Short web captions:
● ● ●
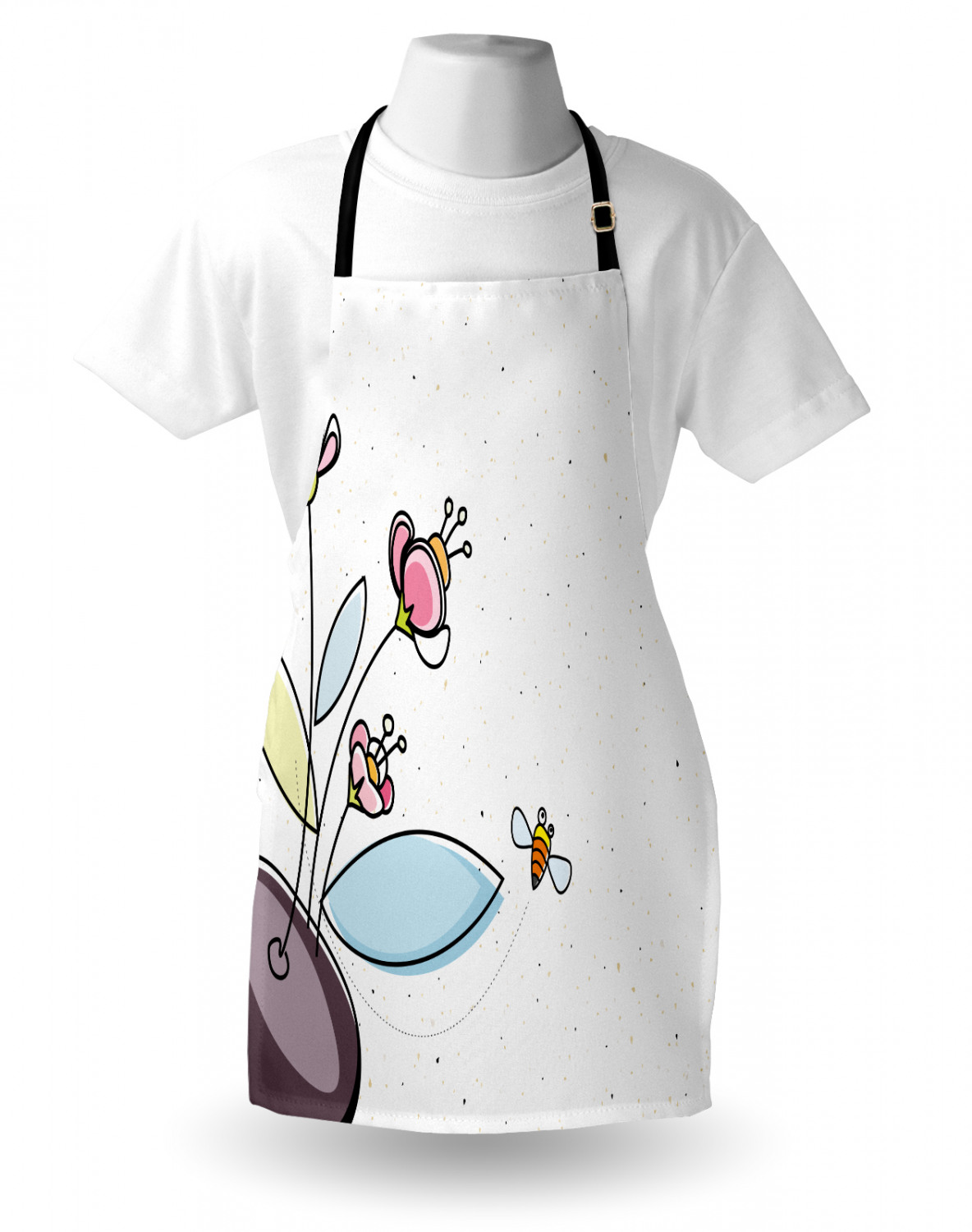 Mexican Sugar Skull Apron Unisex Kitchen Bib with Adjustable Neck Cooking Baking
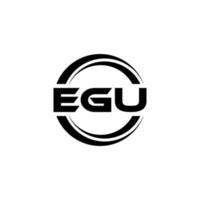 EGU letter logo design in illustration. Vector logo, calligraphy designs for logo, Poster, Invitation, etc.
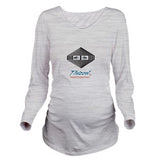 Thizzel Face Logo Long Sleeve Maternity T-Shirt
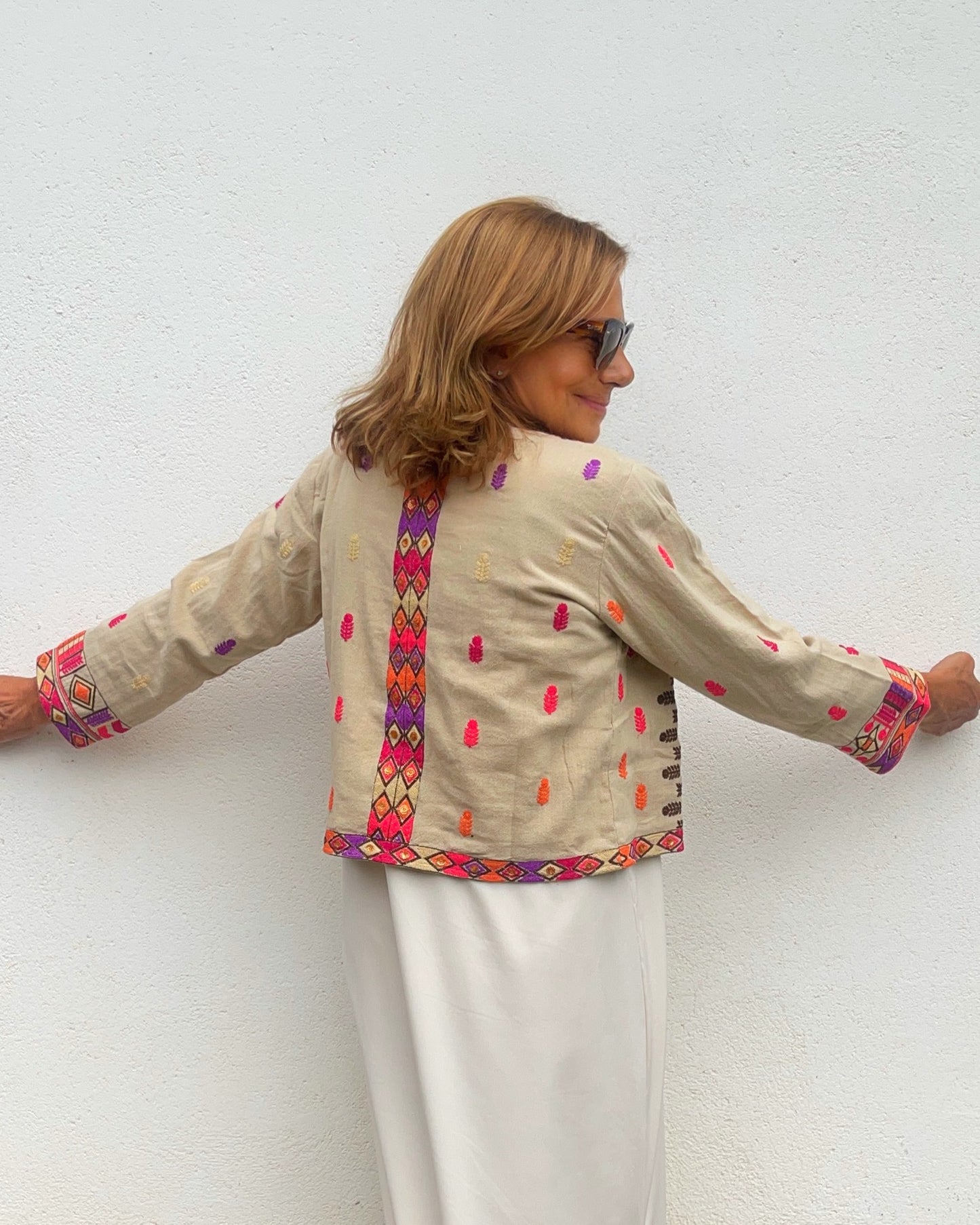 Chaqueta Suzani Indonesia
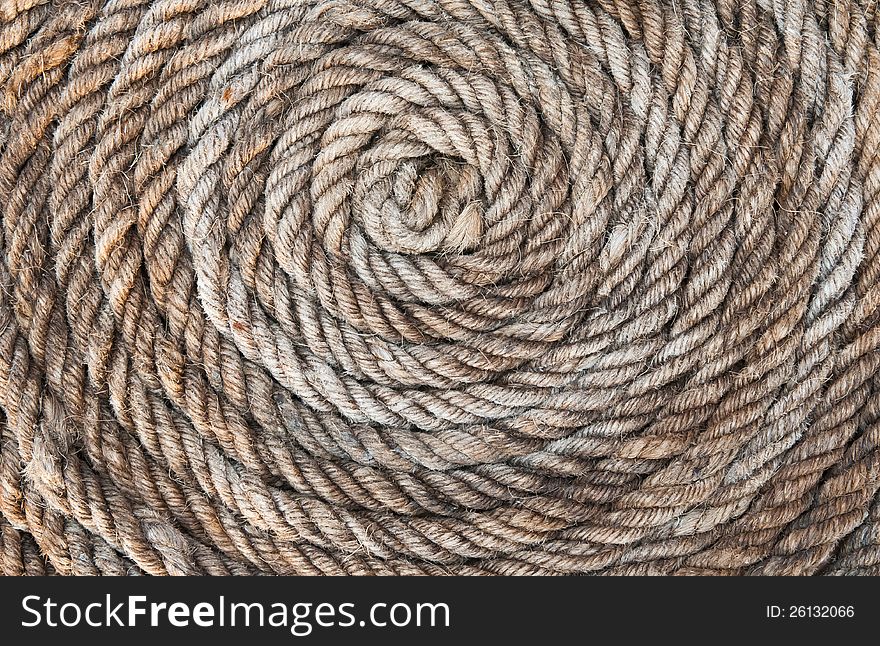 Old rope close up background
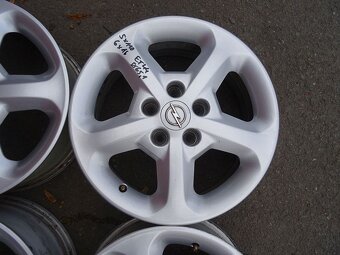 Alu disky origo Opel 16",rozteč 5x110, ET 44, šířka 6J - 6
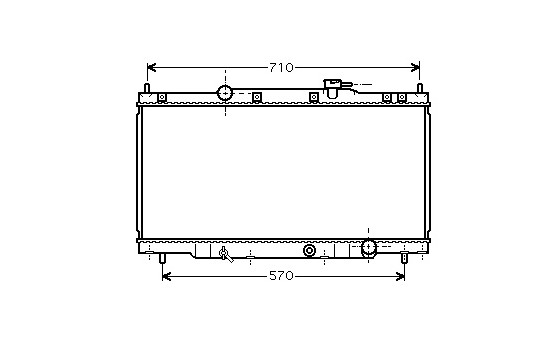 Kylare, motorkylning 25002162 International Radiators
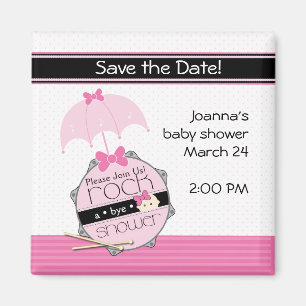 Rock a Bye Baby Shower Save the Date Magnet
● ● ●
TASK TO COMPLETE:
Word for word, write out each line from the one with "Old rope close up background" through the end of the entries above, and omit any pictures.

TASK RESPONSE:
 Old rope close up background
 Alu disky origo Opel 16",rozteč 5x110, ET 44, šířka 6J - 6
 Kylare, motorkylning 25002162 International Radiators
 Rock a Bye Baby Shower Save the Date Magnet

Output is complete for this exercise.